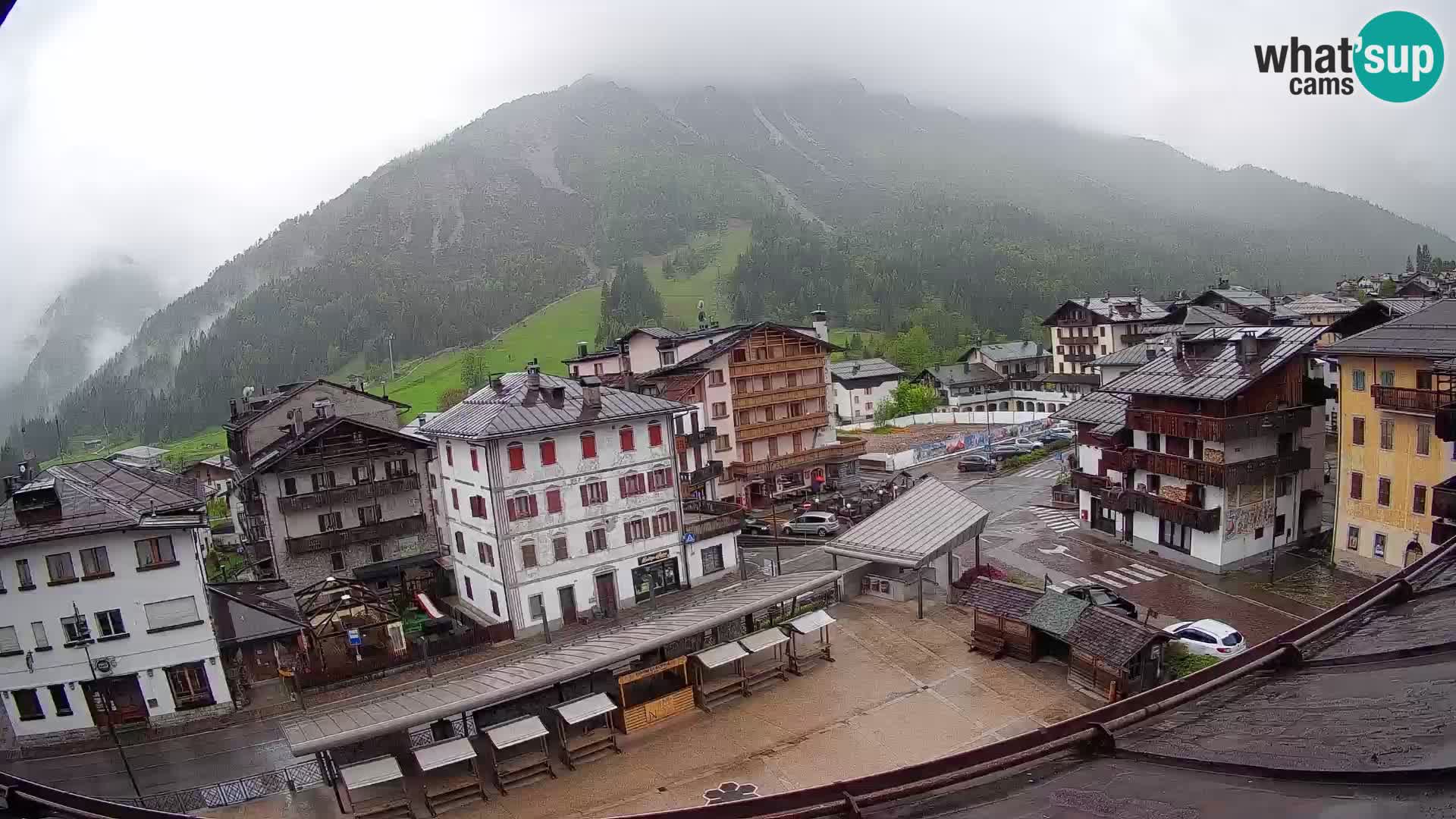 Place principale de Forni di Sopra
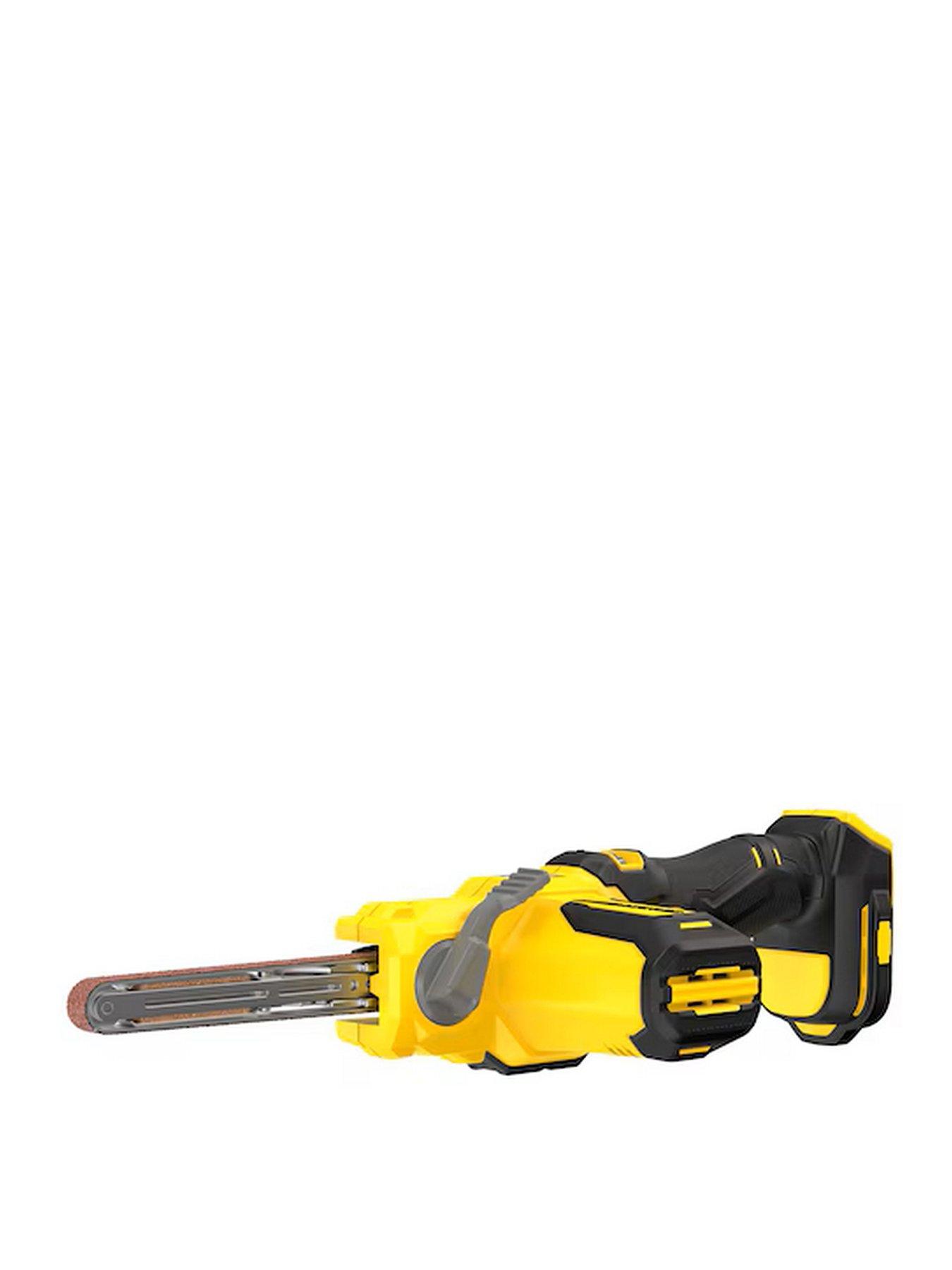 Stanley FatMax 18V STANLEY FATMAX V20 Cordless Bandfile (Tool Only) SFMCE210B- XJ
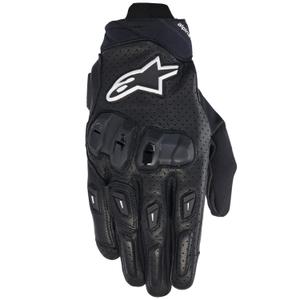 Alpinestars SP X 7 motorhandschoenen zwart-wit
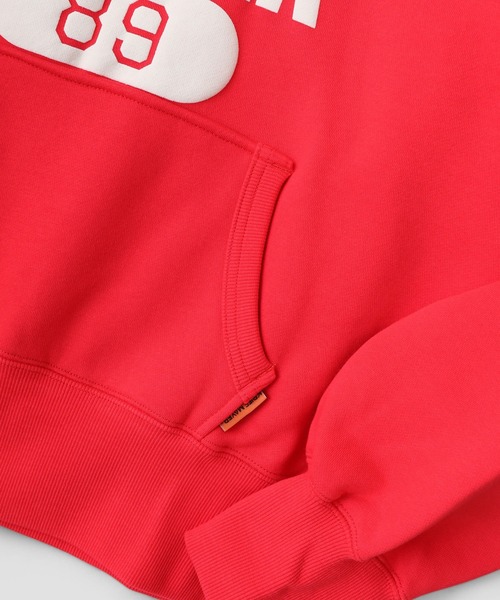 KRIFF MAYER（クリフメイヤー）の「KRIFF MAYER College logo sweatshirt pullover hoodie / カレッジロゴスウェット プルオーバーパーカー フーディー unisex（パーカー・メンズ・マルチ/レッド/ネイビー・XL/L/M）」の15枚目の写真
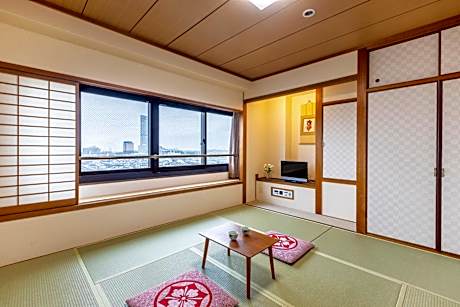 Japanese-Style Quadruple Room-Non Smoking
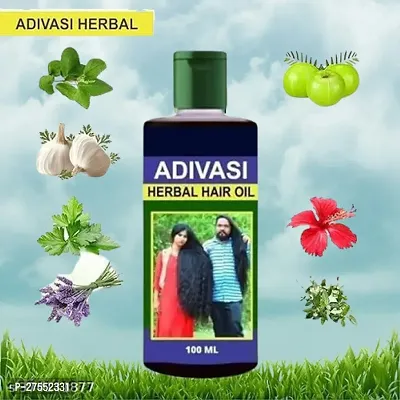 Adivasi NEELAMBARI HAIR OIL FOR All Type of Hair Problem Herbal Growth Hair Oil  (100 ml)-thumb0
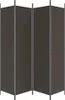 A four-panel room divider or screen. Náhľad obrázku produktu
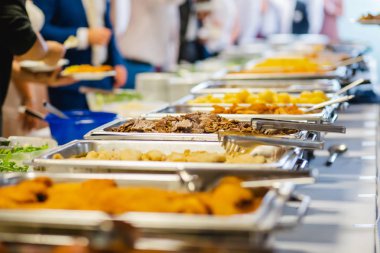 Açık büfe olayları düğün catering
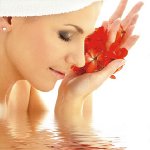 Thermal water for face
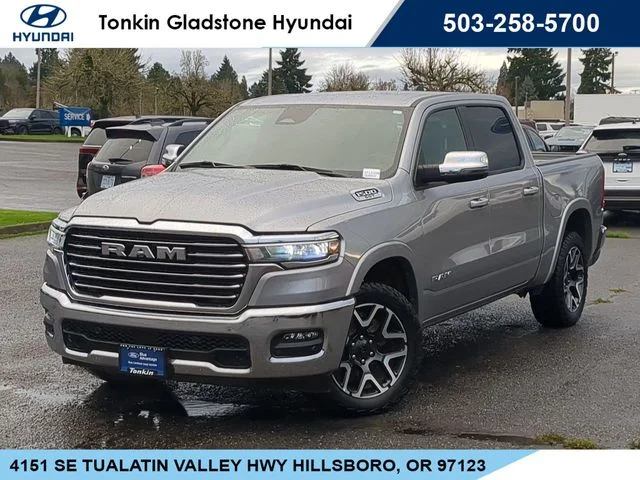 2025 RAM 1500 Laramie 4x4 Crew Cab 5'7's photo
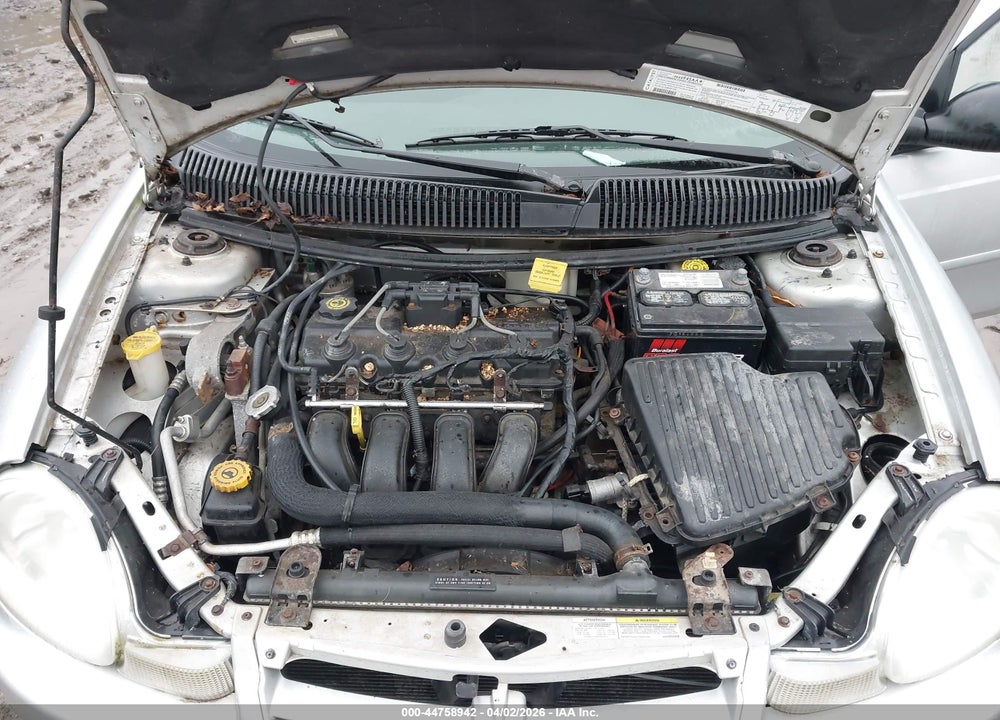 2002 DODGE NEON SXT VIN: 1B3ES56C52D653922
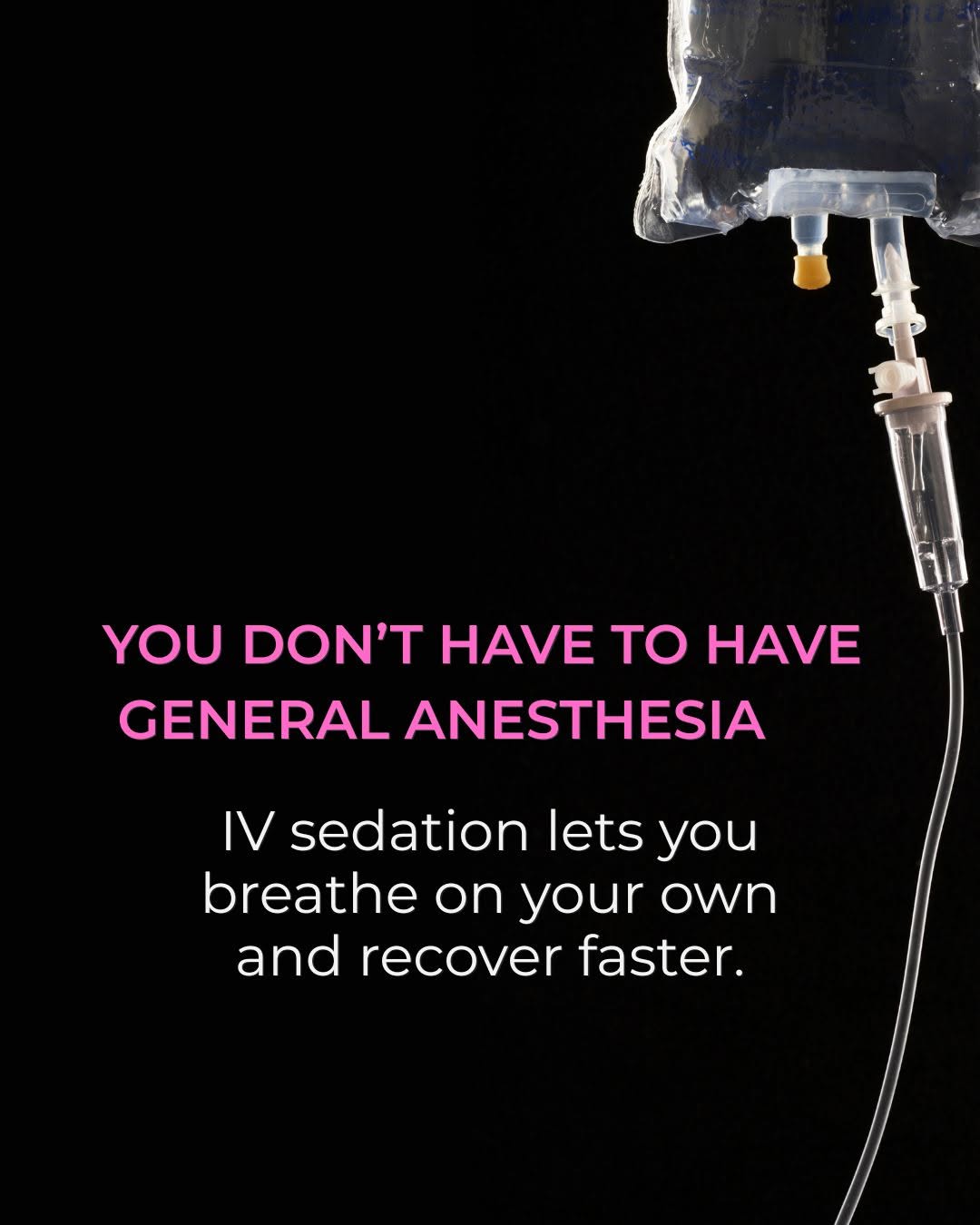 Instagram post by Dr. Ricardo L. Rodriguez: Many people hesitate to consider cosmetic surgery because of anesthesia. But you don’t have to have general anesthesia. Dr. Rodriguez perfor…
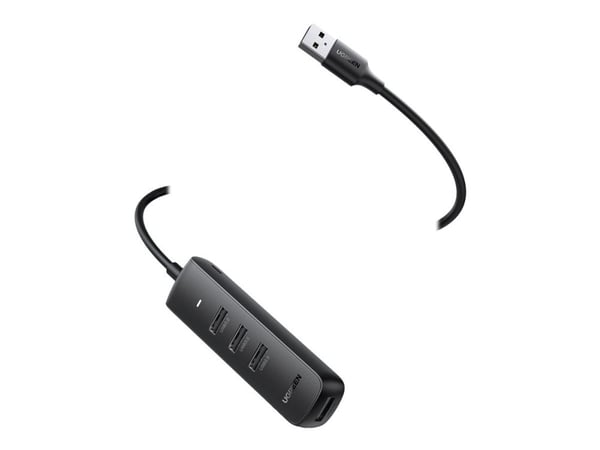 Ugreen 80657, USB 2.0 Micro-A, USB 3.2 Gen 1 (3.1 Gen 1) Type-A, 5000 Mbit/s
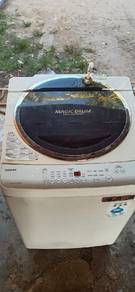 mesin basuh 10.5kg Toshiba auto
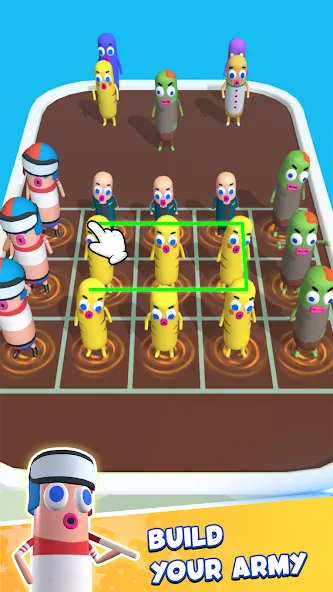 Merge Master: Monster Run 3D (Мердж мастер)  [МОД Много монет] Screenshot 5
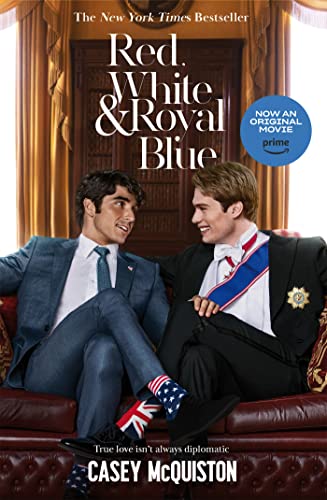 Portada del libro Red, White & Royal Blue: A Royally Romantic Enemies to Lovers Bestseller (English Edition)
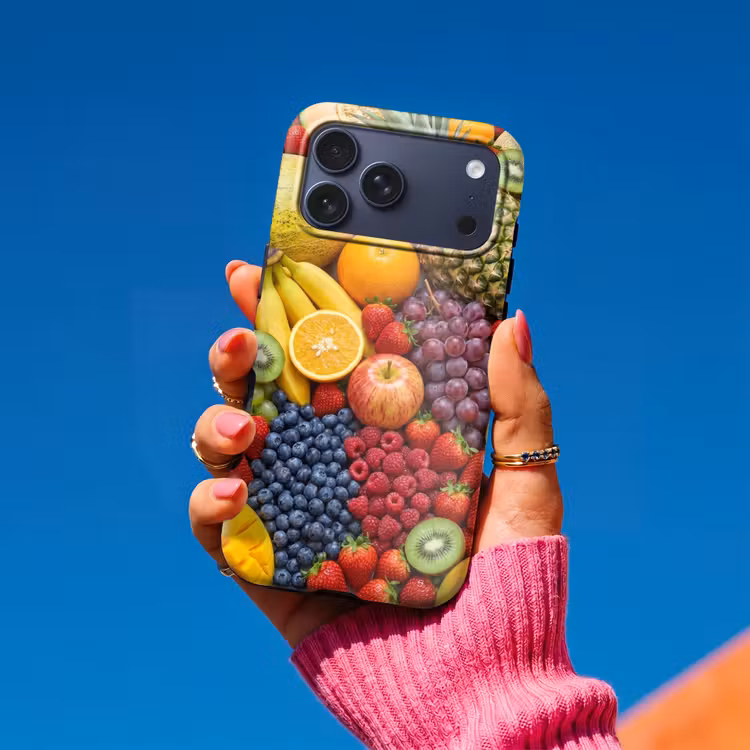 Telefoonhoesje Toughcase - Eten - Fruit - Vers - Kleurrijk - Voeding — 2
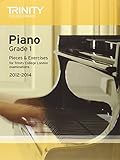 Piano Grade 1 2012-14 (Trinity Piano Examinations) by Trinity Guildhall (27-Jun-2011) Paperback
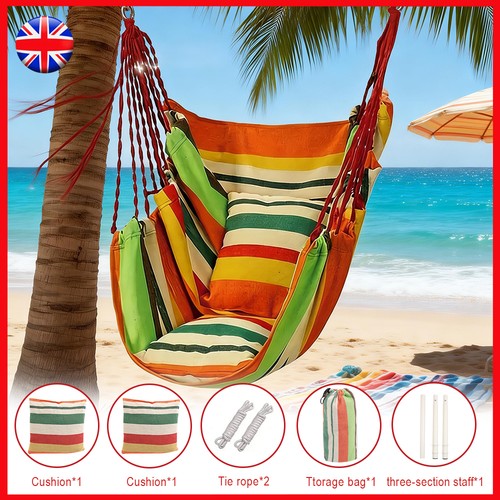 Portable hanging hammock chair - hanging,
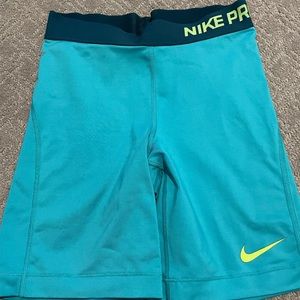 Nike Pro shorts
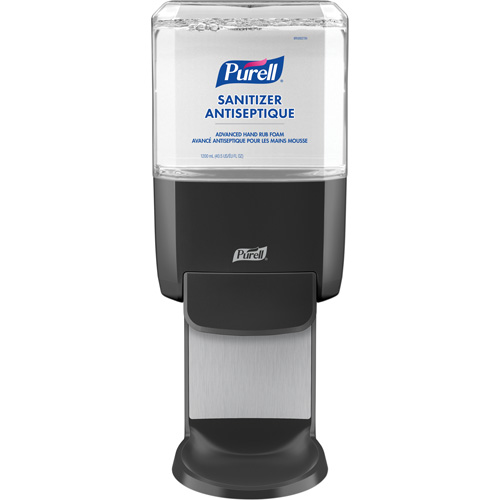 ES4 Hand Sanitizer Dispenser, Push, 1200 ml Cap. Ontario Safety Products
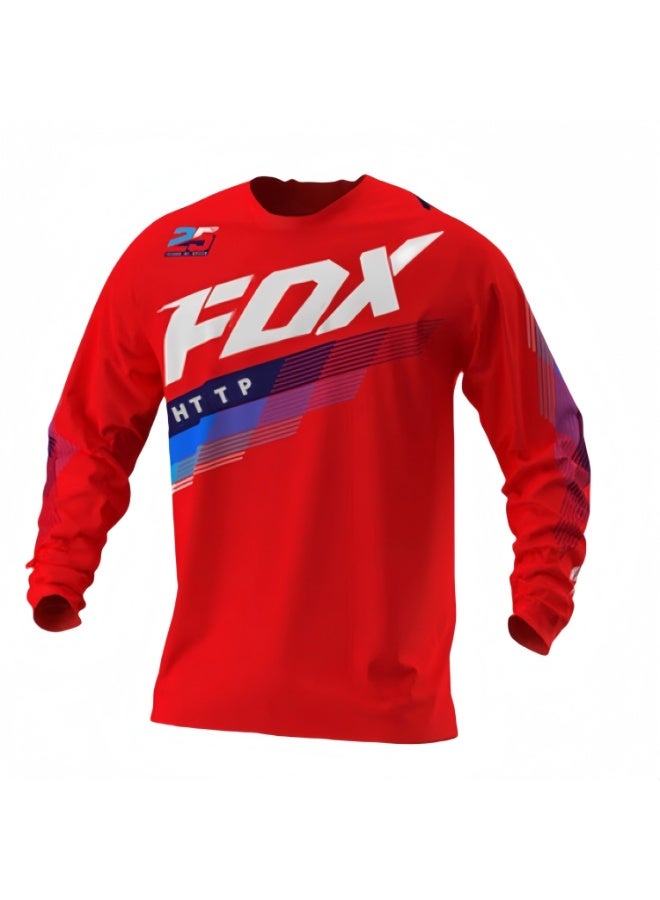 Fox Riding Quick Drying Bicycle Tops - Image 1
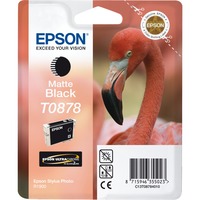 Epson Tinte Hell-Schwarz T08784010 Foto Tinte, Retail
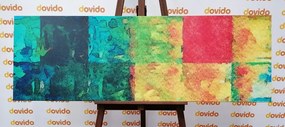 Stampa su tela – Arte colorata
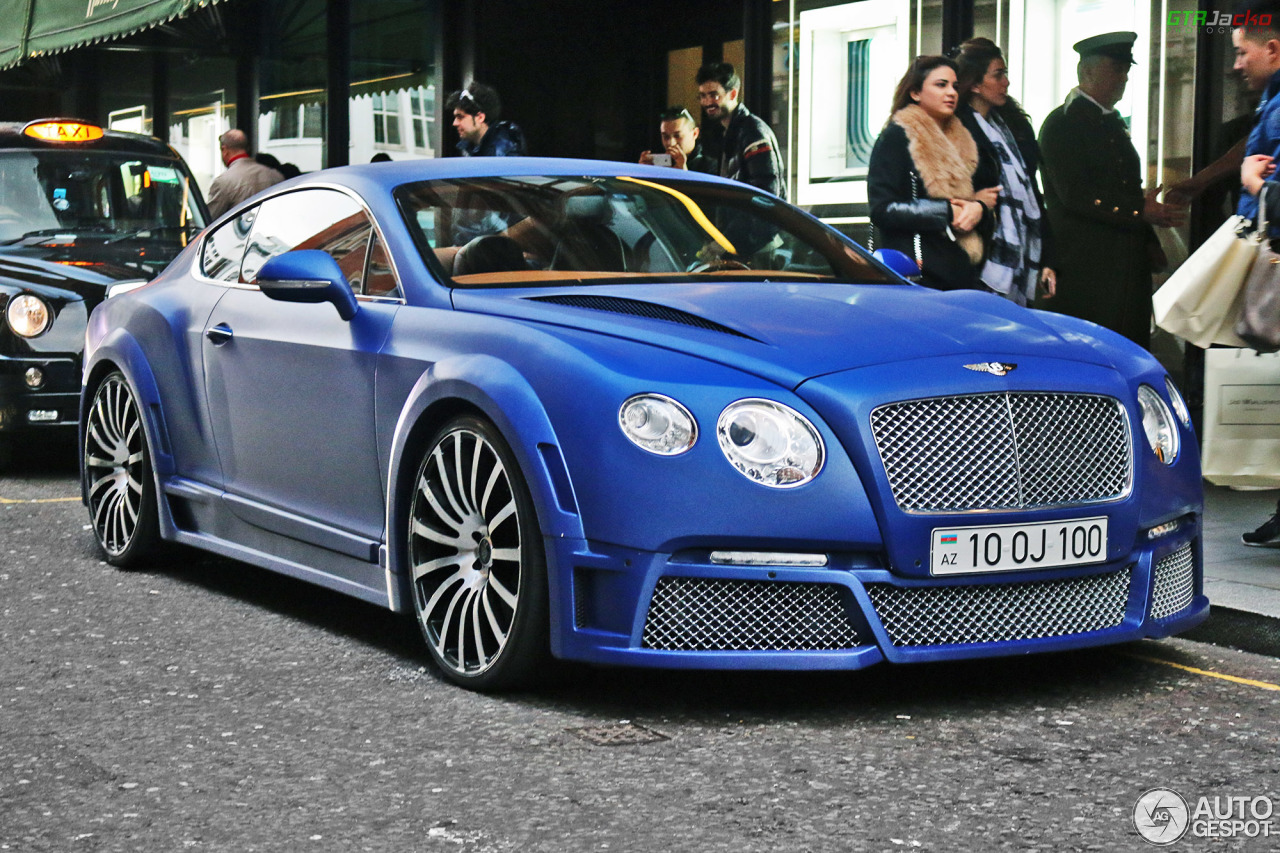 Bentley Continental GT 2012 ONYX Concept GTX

------

* _WORK ITEM_
Omit the pictures and write out the lines above from the one with "ES4 Hand Sanitizer" through the last, unchanged.

* _RESPONSE AREA_
 ES4 Hand Sanitizer Dispenser, Push, 1200 ml Cap. Ontario Safety Products
 Fox Riding Quick Drying Bicycle Tops - Image 1
 Epson Tinte Hell-Schwarz T08784010 Foto Tinte, Retail
 Stampa su tela – Arte colorata
 Bentley Continental GT 2012 ONYX Concept GTX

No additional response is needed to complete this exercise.